▶ EXERCISE
Please give again, word for word, each line that falls between the line with "2231 26 Street SW Calgary AB T3E 2A4" and the end of the data, inclusive.

▶ Stored data

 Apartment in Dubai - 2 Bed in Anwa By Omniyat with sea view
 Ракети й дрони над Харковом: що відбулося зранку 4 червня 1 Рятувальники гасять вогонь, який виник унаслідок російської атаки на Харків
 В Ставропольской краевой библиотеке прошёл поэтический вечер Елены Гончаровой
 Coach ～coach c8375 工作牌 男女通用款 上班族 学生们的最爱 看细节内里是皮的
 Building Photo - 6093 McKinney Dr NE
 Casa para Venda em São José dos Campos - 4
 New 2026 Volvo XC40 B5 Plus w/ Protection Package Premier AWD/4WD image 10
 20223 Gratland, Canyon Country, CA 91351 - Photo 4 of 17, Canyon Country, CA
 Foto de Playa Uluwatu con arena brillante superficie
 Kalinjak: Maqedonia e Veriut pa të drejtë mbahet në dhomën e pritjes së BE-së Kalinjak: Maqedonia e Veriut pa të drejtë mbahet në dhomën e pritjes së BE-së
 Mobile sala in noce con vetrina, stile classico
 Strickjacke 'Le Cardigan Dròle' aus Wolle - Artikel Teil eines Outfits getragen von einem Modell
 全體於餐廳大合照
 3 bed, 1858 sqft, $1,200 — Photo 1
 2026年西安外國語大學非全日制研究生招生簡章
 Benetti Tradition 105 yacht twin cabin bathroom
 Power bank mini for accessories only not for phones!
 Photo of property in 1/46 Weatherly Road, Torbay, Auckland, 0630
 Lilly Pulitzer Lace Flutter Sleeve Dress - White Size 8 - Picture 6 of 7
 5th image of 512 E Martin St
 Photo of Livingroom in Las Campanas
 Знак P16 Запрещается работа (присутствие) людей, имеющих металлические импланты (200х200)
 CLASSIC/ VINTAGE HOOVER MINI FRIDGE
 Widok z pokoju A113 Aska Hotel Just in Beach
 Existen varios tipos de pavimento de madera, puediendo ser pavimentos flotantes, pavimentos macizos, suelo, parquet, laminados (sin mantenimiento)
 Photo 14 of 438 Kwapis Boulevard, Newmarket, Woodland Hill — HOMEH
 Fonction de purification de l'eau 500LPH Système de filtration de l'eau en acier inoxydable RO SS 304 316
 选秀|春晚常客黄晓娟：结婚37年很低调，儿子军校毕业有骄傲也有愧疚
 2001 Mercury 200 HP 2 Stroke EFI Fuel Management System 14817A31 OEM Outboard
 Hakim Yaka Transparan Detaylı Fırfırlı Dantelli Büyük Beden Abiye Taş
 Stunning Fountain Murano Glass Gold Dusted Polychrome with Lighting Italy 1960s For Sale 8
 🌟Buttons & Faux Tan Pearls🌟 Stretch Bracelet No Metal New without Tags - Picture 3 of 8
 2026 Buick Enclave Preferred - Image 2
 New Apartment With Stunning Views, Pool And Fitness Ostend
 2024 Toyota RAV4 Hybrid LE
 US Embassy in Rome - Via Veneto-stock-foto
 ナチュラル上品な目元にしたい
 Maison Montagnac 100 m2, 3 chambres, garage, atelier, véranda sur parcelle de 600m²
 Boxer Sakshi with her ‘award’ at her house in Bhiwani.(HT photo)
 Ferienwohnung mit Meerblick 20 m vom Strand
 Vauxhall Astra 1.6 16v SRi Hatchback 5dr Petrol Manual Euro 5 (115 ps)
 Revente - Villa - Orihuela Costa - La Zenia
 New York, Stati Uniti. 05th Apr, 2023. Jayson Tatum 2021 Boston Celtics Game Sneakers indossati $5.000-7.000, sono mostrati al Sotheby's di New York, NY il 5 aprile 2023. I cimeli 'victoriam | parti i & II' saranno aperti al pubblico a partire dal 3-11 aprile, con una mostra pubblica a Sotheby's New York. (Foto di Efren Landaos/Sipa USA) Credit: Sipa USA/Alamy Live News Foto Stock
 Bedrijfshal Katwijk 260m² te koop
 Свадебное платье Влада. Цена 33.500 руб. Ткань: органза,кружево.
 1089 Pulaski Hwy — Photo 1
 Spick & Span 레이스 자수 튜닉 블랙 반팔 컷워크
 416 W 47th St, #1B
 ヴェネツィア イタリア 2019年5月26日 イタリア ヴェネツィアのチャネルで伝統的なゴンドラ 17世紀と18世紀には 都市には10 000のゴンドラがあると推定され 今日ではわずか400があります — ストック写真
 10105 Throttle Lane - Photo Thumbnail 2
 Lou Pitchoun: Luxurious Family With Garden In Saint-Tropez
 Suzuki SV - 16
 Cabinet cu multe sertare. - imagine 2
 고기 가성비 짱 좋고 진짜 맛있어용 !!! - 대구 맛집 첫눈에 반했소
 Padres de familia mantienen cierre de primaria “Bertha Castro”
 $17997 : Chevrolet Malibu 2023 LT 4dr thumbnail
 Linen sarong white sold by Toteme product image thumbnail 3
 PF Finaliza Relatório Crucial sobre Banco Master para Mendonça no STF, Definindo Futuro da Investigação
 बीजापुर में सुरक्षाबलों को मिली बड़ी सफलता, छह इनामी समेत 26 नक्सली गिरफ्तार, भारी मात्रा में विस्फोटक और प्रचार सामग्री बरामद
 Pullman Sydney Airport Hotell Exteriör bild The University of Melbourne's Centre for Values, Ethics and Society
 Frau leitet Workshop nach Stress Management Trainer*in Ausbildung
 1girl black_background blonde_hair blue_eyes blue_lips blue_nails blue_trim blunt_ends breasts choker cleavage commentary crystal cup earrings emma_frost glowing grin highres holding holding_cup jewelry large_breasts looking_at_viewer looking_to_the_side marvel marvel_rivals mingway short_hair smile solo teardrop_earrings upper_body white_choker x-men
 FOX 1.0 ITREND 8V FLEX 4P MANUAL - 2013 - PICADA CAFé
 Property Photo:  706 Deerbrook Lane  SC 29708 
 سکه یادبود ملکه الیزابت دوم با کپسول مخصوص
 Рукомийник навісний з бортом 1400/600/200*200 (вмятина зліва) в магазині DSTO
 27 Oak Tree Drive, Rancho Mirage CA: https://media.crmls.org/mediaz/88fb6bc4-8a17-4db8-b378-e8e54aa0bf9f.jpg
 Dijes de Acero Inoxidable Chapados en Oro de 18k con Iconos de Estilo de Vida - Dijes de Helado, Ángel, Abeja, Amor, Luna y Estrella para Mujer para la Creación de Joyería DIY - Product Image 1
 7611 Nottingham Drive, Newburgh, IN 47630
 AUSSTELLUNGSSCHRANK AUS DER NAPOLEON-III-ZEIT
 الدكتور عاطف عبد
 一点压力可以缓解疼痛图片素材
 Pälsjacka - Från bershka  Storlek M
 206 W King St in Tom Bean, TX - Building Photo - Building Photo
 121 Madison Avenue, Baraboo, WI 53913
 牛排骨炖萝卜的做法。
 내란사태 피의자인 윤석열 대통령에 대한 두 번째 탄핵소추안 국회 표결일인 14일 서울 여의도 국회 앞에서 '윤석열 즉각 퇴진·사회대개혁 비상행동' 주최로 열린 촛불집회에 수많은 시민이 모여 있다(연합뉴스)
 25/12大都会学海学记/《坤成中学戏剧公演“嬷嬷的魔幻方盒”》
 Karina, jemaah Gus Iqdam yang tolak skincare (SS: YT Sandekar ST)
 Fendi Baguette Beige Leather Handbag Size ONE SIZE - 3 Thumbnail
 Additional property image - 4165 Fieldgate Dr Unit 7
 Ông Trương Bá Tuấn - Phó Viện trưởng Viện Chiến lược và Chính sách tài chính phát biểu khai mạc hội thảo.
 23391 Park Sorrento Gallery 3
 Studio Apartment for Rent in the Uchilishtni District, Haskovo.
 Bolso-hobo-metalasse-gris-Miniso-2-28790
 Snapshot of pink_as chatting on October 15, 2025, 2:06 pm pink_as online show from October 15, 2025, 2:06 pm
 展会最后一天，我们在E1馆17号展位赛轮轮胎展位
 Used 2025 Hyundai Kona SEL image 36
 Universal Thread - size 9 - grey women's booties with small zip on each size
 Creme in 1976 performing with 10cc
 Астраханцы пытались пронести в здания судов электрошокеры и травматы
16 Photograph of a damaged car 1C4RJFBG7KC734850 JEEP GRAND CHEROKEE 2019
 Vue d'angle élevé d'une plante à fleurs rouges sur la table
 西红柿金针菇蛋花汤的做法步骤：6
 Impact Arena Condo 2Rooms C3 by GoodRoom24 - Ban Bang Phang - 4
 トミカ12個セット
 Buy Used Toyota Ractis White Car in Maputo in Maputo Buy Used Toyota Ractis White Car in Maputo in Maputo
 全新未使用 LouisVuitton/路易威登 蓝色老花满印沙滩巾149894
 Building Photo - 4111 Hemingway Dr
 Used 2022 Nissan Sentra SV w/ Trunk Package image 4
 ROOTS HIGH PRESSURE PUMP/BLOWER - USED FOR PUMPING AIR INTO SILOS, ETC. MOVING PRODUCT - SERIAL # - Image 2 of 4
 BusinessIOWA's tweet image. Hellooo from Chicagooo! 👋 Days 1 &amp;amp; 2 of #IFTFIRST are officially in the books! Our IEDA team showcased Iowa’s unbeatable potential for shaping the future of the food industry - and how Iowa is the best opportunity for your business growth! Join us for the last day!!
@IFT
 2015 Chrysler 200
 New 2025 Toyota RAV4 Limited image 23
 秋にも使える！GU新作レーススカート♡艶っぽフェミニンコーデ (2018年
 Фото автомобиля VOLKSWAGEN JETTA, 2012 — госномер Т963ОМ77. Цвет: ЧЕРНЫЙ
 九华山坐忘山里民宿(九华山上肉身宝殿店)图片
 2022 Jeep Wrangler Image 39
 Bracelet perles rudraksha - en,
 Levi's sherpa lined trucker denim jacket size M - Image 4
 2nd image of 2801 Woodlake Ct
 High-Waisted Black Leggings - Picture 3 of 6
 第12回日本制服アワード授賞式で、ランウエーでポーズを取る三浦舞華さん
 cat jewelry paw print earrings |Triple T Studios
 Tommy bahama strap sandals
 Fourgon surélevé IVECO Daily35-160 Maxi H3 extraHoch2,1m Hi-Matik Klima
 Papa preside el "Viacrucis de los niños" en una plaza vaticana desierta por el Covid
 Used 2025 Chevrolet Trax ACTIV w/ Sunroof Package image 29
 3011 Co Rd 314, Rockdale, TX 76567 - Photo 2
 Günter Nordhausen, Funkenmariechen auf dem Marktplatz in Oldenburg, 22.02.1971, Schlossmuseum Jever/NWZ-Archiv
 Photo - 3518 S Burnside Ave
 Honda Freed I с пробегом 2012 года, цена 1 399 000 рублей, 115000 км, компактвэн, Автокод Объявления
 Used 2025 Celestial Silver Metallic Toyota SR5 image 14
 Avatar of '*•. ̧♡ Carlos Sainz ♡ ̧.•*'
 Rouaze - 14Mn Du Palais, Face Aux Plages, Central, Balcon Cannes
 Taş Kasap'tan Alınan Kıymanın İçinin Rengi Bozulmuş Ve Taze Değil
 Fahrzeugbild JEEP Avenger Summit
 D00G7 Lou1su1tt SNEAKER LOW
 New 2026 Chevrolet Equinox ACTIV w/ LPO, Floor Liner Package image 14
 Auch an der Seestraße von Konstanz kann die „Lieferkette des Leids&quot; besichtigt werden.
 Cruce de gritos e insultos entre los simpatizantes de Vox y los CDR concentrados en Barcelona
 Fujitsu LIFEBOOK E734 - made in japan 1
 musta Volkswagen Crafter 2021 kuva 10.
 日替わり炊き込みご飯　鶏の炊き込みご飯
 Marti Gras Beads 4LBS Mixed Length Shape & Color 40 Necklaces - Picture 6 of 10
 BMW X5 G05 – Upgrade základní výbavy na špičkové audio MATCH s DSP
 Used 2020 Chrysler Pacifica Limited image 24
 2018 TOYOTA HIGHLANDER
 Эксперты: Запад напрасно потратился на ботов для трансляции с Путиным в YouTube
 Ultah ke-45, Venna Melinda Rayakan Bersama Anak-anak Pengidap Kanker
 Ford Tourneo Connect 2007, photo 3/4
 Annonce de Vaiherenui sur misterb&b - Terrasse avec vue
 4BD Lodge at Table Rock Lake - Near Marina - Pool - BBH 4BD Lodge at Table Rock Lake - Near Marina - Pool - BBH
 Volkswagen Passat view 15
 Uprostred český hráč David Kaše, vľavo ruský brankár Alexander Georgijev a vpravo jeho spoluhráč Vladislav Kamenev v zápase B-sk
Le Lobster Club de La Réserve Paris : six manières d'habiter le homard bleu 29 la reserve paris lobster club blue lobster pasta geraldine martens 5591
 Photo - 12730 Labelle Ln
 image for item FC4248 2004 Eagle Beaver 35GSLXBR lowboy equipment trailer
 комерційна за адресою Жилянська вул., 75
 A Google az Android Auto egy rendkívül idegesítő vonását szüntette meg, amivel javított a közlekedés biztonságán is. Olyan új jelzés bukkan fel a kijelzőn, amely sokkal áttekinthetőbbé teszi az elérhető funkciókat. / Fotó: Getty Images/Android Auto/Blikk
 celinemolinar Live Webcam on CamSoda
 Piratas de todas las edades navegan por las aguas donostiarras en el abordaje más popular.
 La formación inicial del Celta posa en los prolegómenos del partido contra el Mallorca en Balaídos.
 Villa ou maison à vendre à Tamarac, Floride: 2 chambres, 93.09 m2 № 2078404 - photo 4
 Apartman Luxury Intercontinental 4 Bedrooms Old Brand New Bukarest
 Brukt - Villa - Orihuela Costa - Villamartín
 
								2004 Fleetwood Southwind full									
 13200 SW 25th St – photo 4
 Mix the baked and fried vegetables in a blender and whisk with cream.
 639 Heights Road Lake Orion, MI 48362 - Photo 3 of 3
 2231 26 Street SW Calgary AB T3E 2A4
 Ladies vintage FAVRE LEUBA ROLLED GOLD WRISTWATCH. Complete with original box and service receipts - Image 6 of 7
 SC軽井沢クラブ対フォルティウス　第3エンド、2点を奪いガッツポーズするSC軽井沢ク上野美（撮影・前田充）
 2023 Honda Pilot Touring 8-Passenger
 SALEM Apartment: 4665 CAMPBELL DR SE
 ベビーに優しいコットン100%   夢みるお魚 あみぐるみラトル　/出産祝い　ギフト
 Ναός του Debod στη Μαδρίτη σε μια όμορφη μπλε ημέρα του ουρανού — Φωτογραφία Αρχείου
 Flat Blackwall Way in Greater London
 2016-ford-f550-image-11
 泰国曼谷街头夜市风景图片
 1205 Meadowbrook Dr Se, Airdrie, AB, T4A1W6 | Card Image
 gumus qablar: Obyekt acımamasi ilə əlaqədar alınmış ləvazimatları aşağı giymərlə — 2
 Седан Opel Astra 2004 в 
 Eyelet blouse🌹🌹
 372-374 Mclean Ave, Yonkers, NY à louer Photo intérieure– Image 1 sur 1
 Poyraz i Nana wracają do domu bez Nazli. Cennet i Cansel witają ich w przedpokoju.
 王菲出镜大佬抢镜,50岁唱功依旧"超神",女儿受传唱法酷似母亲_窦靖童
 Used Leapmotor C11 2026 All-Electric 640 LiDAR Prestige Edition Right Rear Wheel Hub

▶ ANSWER SECTION
 2231 26 Street SW Calgary AB T3E 2A4
 Ladies vintage FAVRE LEUBA ROLLED GOLD WRISTWATCH. Complete with original box and service receipts - Image 6 of 7
 SC軽井沢クラブ対フォルティウス　第3エンド、2点を奪いガッツポーズするSC軽井沢ク上野美（撮影・前田充）
 2023 Honda Pilot Touring 8-Passenger
 SALEM Apartment: 4665 CAMPBELL DR SE
 ベビーに優しいコットン100%   夢みるお魚 あみぐるみラトル　/出産祝い　ギフト
 Ναός του Debod στη Μαδρίτη σε μια όμορφη μπλε ημέρα του ουρανού — Φωτογραφία Αρχείου
 Flat Blackwall Way in Greater London
 2016-ford-f550-image-11
 泰国曼谷街头夜市风景图片
 1205 Meadowbrook Dr Se, Airdrie, AB, T4A1W6 | Card Image
 gumus qablar: Obyekt acımamasi ilə əlaqədar alınmış ləvazimatları aşağı giymərlə — 2
 Седан Opel Astra 2004 в 
 Eyelet blouse🌹🌹
 372-374 Mclean Ave, Yonkers, NY à louer Photo intérieure– Image 1 sur 1
 Poyraz i Nana wracają do domu bez Nazli. Cennet i Cansel witają ich w przedpokoju.
 王菲出镜大佬抢镜,50岁唱功依旧"超神",女儿受传唱法酷似母亲_窦靖童
 Used Leapmotor C11 2026 All-Electric 640 LiDAR Prestige Edition Right Rear Wheel Hub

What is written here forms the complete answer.